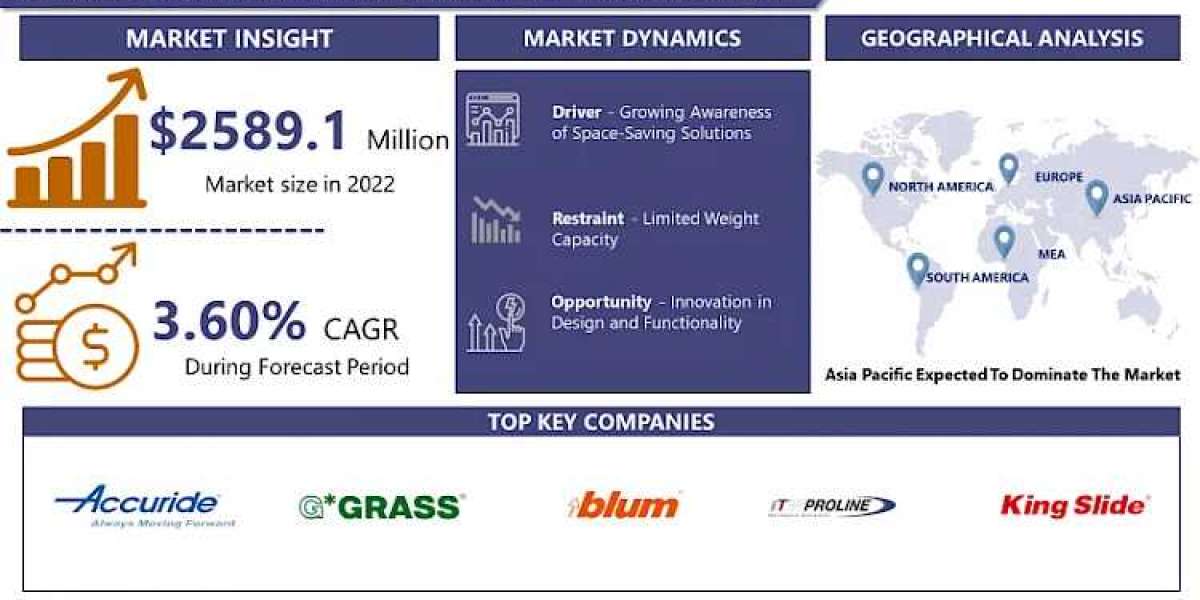 Household Kitchen Rail Kits Market Business Insights with Key Trend Analysis | Leading companies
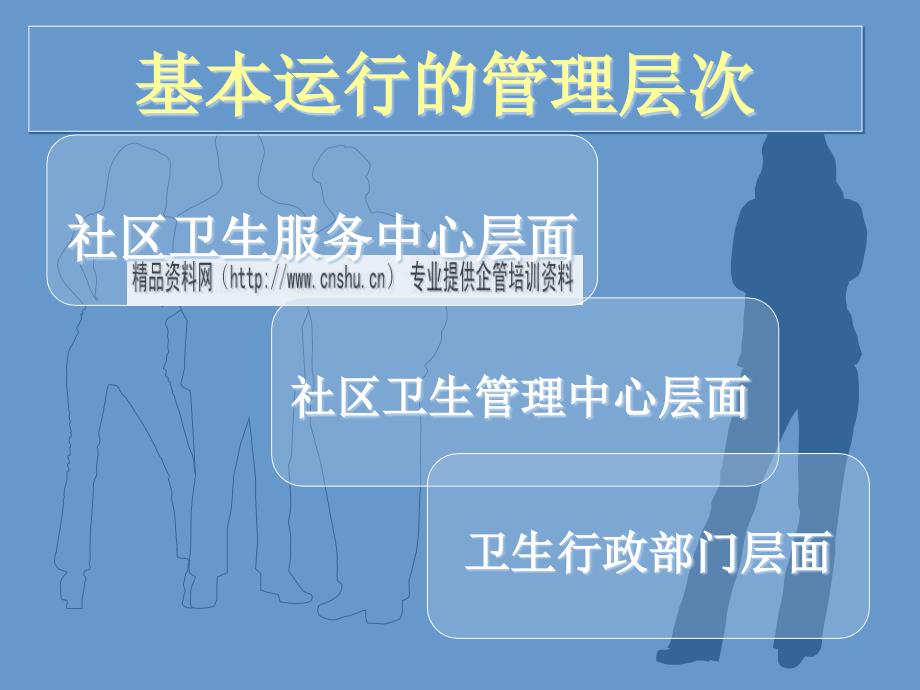 {售后服务}如何建立公益性绩效考核机制保障社区卫生服务_第3页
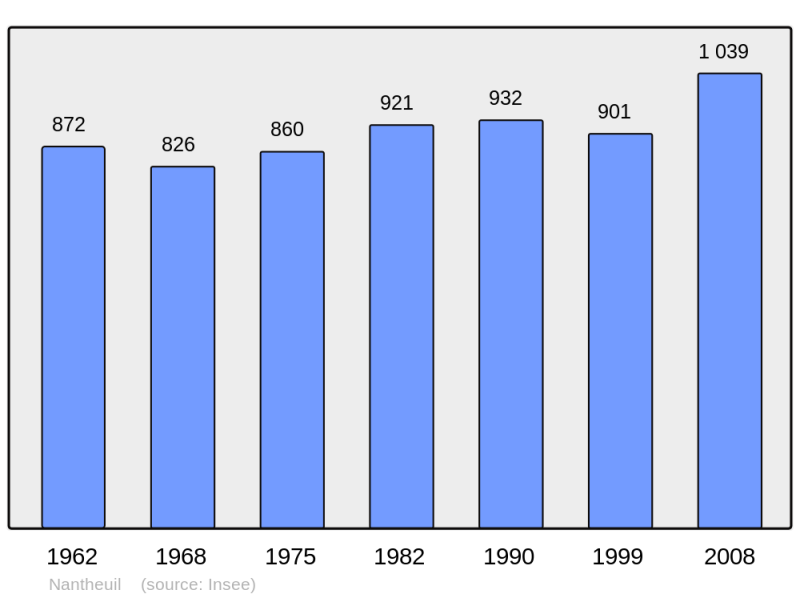 Soubor:Population - Municipality code 24304.png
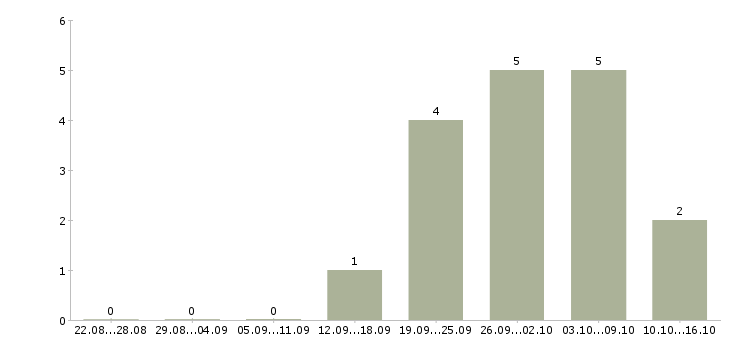 Работа менеджер по продажам с обучением в Дмитрове - Число вакансий в Дмитрове по специальности менеджер по продажам с обучением за 2 месяца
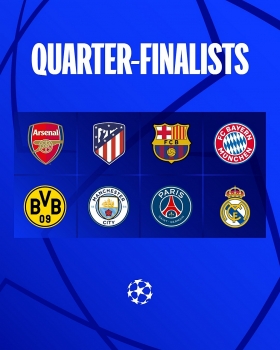 Danh sách 8 đội bóng góp mặt ở tứ kết Champions League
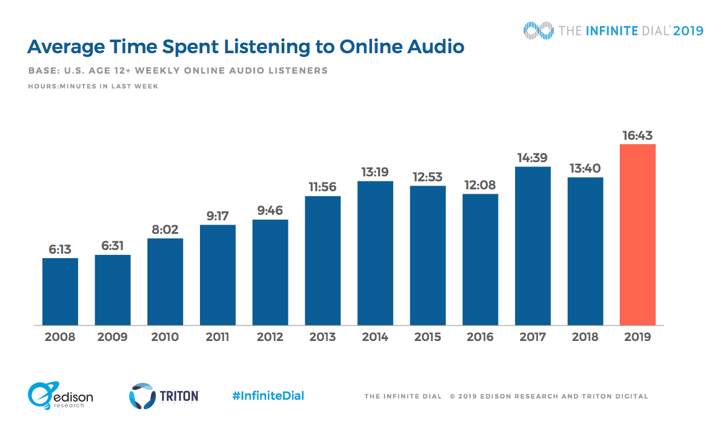 Online Audio Time Spent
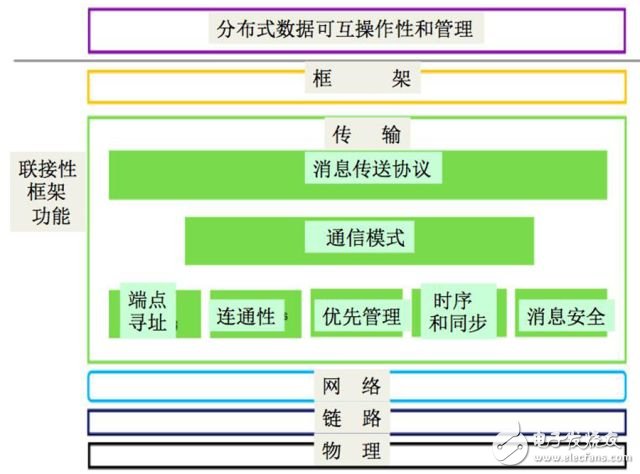 論工業(yè)互聯(lián)網(wǎng)的聯(lián)接性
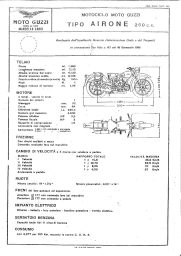 thumbnail of guzzi 250 airone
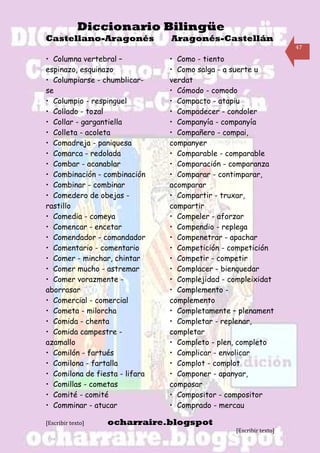 Diccionario Bilingüe
Castellano-Aragonés             Aragonés-Castellán
                                                                    47

• Columna vertebral –           • Como - tiento
espinazo, esquinazo             • Como salga - a suerte u
• Columpiarse - chumblicar-     verdat
se                              • Cómodo - comodo
• Columpio - respinguel         • Compacto - atapiu
• Collado - tozal               • Compadecer - condoler
• Collar - gargantiella         • Companyía - companyía
• Colleta - acoleta             • Compañero - compai,
• Comadreja - paniquesa         companyer
• Comarca - redolada            • Comparable - comparable
• Combar - acanablar            • Comparación - comparanza
• Combinación - combinación     • Comparar - contimparar,
• Combinar - combinar           acomparar
• Comedero de obejas -          • Compartir - truxar,
rastillo                        compartir
• Comedia - comeya              • Compeler - aforzar
• Comencar - encetar            • Compendio - replega
• Comendador - comandador       • Compenetrar - apachar
• Comentario - comentario       • Competición - competición
• Comer - minchar, chintar      • Competir - competir
• Comer mucho - astremar        • Complacer - bienquedar
• Comer vorazmente -            • Complejidad - compleixidat
aborrasar                       • Complemento -
• Comercial - comercial         complemento
• Cometa - milorcha             • Completamente – plenament
• Comida - chenta               • Completar - replenar,
• Comida campestre -            completar
azamallo                        • Completo - plen, completo
• Comilón - fartués             • Complicar - envolicar
• Comilona - fartalla           • Complot - complot
• Comilona de fiesta - lifara   • Componer - apanyar,
• Comillas - cometas            composar
• Comité - comité               • Compositor - compositor
• Comminar - atucar             • Comprado - mercau

[Escribir texto]   ocharraire.blogspot
                                                 [Escribir texto]
 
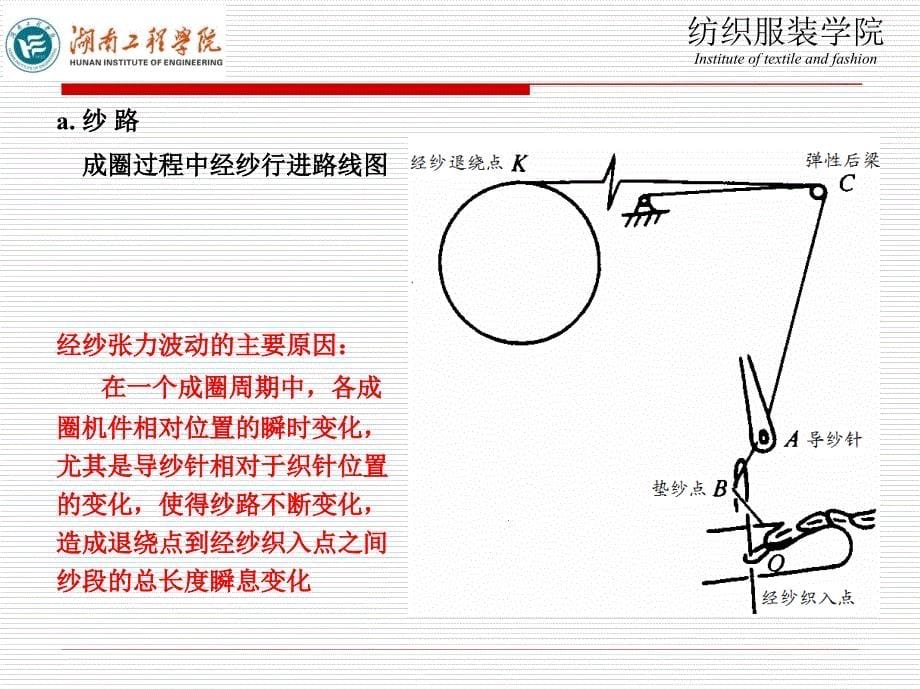 第14章经编送经ppt课件_第5页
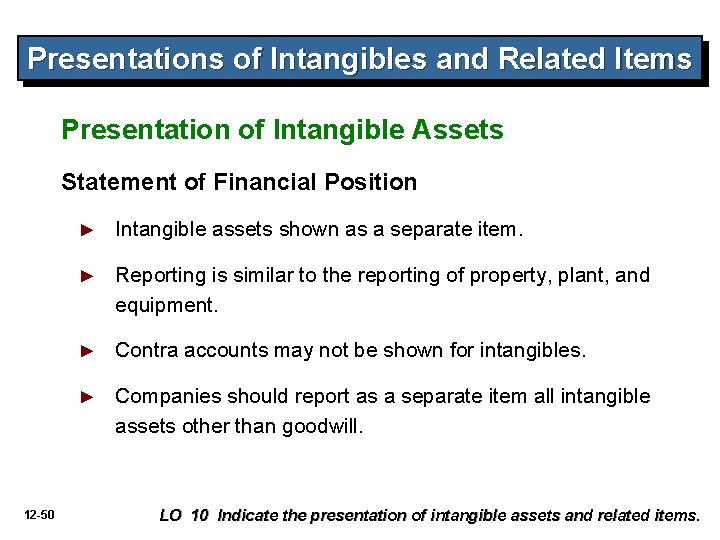 Presentations of Intangibles and Related Items Presentation of Intangible Assets Statement of Financial Position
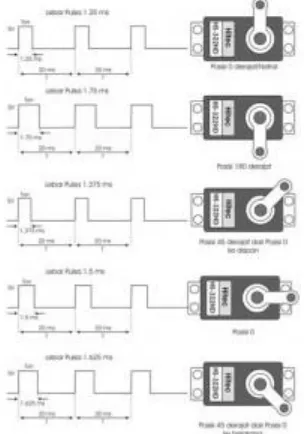 Gambar 2.11. Pulsa Kendali Motor Servo 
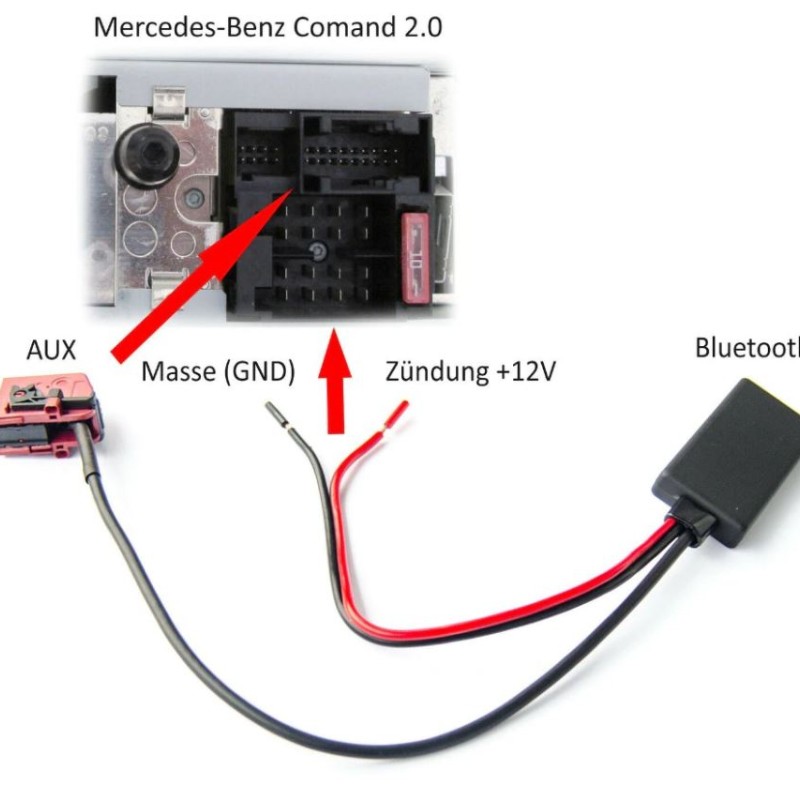 Bluetooth Interface für Mercedes Benz Comand 2.0
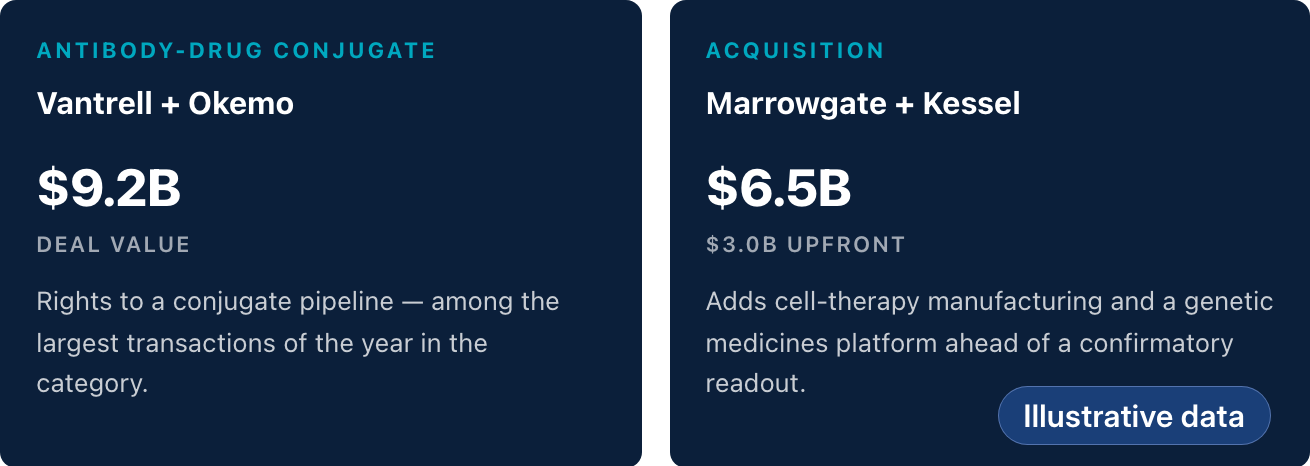 Illustrative conference intelligence excerpt: two deal cards with fictional company names, deal values, and strategic rationale.
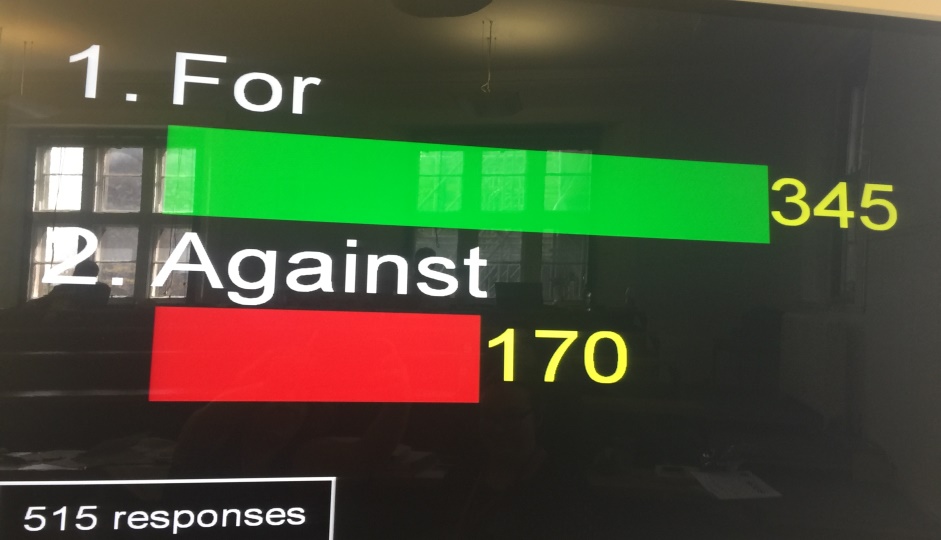 vote same sex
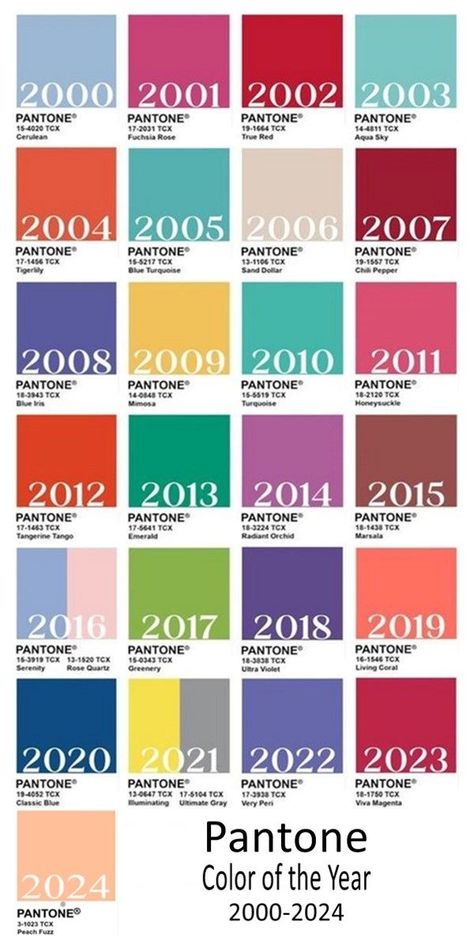 Pantone Color of the Year 2000 - 2024 Pantone Trends, Pantone Palette, Pantone Colour Palettes, Pantone Color Of The Year, Radiant Orchid, Jewelry Fashion Trends, Year 2000, Aesthetic Colors, True Red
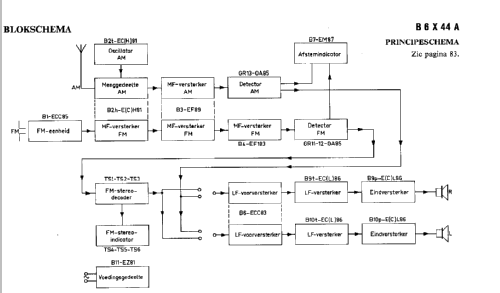 B6X44A; Philips; Eindhoven (ID = 48465) Radio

REQUIRED WORK:
Copy out each line of the data above, exactly, if it lies between the line holding "Combinar - combinar" and the line holding "Competir - competir", inclusive; copy no other line.

EXERCISE SOLUTION:
• Combinar - combinar           acomparar
• Comedero de obejas -          • Compartir - truxar,
rastillo                        compartir
• Comedia - comeya              • Compeler - aforzar
• Comencar - encetar            • Compendio - replega
• Comendador - comandador       • Compenetrar - apachar
• Comentario - comentario       • Competición - competición
• Comer - minchar, chintar      • Competir - competir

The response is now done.